◆ **Exercise goal**
Among the entries below, find the lines with the word "bright" and return them.

◆ **Data to process**
----

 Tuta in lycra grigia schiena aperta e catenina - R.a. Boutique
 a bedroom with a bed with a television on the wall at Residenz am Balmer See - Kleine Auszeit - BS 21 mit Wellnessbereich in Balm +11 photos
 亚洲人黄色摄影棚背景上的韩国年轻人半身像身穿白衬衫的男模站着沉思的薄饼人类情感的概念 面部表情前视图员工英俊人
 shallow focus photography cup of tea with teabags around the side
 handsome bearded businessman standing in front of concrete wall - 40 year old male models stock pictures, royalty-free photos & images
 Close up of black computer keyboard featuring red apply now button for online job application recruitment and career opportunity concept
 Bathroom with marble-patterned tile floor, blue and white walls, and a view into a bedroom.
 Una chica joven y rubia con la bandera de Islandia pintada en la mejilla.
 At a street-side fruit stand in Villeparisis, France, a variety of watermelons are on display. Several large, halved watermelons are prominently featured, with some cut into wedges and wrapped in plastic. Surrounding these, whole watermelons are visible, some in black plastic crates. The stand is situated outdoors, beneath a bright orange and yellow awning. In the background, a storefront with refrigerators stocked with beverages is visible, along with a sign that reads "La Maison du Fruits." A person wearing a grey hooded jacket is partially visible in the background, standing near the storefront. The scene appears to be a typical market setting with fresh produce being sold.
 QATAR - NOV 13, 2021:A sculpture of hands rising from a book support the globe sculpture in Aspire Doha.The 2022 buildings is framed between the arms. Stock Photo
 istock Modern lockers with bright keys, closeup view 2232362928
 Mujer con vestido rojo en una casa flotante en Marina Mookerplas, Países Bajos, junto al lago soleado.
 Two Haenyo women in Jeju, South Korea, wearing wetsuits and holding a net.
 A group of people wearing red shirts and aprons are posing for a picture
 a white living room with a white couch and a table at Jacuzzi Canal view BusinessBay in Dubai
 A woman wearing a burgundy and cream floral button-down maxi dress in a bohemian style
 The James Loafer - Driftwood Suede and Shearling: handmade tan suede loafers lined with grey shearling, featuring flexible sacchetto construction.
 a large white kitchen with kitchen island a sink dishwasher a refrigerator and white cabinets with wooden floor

----

◆ **Result of the task**
 At a street-side fruit stand in Villeparisis, France, a variety of watermelons are on display. Several large, halved watermelons are prominently featured, with some cut into wedges and wrapped in plastic. Surrounding these, whole watermelons are visible, some in black plastic crates. The stand is situated outdoors, beneath a bright orange and yellow awning. In the background, a storefront with refrigerators stocked with beverages is visible, along with a sign that reads "La Maison du Fruits." A person wearing a grey hooded jacket is partially visible in the background, standing near the storefront. The scene appears to be a typical market setting with fresh produce being sold.
 istock Modern lockers with bright keys, closeup view 2232362928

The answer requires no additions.